Preventative Medicine: Indigenous community, police seek continued funding for violence prevention program

Diane Smoke-Thomas (left) with her niece Patricia Carpenter, murdered in 1992, and Martina Osawamick, with a photo of her sister, Jean Pheasant-Bah, murdered in 1968, were two of the family members honoured at Sudbury’s Missing and Murdered Indigenous Women and Girls Conference, November 29-30 – Photo: Laura Young

By Laura E. Young

SUDBURY– Greater Sudbury Police is seeking federal funding to continue the work  necessary to help the Indigenous community live free from violence, a program that was launched in 2016 and that is nearing the end.

The two-year project reached a climactic moment November 29-30 with the Honouring Missing and Murdered Indigenous Women and Girls Conference.

The conference essentially sold out and welcomed over 300 people from across Canada, including 30 family members  who have missing and, or, murdered female members, said Lisa Osawamick, a conference organizer.

For Osawamick, the Aboriginal women’s violence prevention coordinator with the Greater Sudbury Police Service, the next logical steps in the project would create links with Aboriginal youth.

They will also listen to community feedback for additional ideas, she said.

“That’s how we started this project (by) hearing what our community needs. That’s how we can continue on. What is our community saying? Let’s listen to our youth. Let’s listen to our elders. Let’s listen to our men. What can we do that we’re not already doing?”

The initial focus of the project was on empowering women.

The conference developed after the initial partnership between N’Swakamok Native Friendship Centre and Greater Sudbury Police Services. The project was formed to develop a proactive, preventative strategy to counteract violence against Aboriginal women. It was launched in June 2016.

Looking ahead to build the spirit of our women – learning to live free from violence, received $166,462 from the federal ministry of justice.

Sudbury chief of police Paul Pederson views funding for the project as a necessary resource. He is hopeful the request to the government will be approved, he said.

“It’s not core police funding,” he said.

It’s always a challenge for funding to be supported when it is for something that may not be law enforcement, he said.

“It’s very difficult for us to sometimes (funding argument) argue that investment in proactive work is actually better than investment in reactive law enforcement work.”

As well, he declined to address the differences between policing and Aboriginal community issues in Sudbury and Thunder Bay.

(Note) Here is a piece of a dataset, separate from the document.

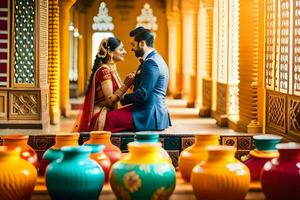 indiano Casamento fotografia dentro Jaipur. gerado por IA foto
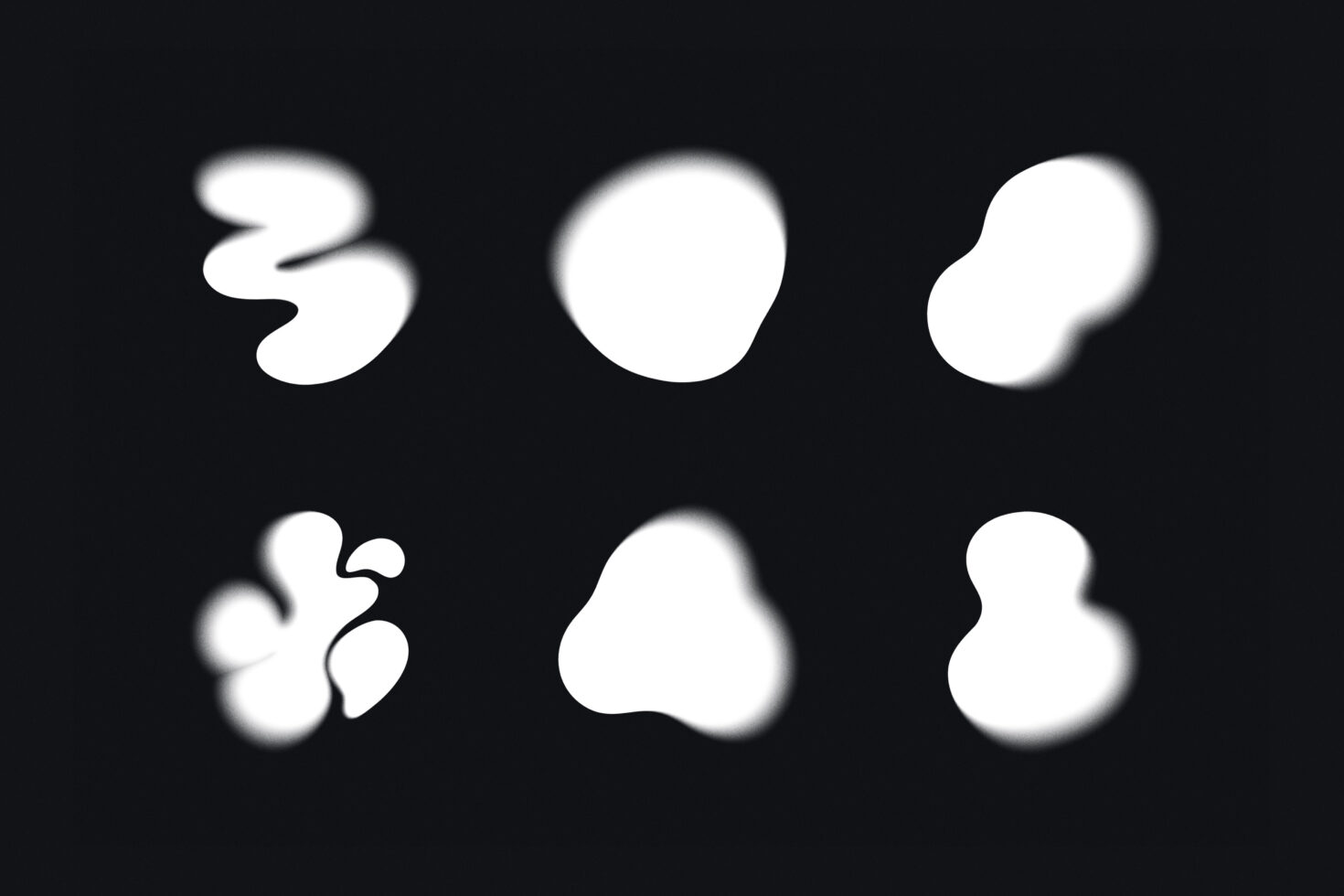 Soft blurred white organic shapes on black background, six different blob forms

Instead, Pedersen credited instead the leadership of many, but specifically Grant Dokis, Sudbury’s first Indigenous police officer, who retired in 2016.

Dokis  helped create the MKWA police ride along program for Aboriginal youth. The program began in 2005. Dokis also worked to ensure that new recruits receive eight hours of Indigenous learning before they begin to patrol the city.

“You put 30 years of that together and you put us to where we are here (today). That’s why we can host a conference like this. Whereas a conference like this in other communities (might) be marked by protests,” Pedersen said.

The Sudbury community faces issues that need to be fixed and that should be protested, he added.

“But I think potentially we’ve moved it a little further form protest to action (to) what are the activities that we can do here?”

The subject of MMIWG is in the news with the national inquiry, currently touring Canada, and listening to the families of the missing women.

For Osawamick, Sudbury is doing what it can to raise awareness of the issue.

She appreciates most when the issue is covered in what she calls a “good” way in which the tragic subject is dealt with in a way that honours the lives lost.

“(The stories) are going to be negative regardless but these women are somebody’s daughter, somebody’s mom. I think we’re bringing awareness here in our community and that’s a good thing that everybody in Sudbury knows what we’re doing.”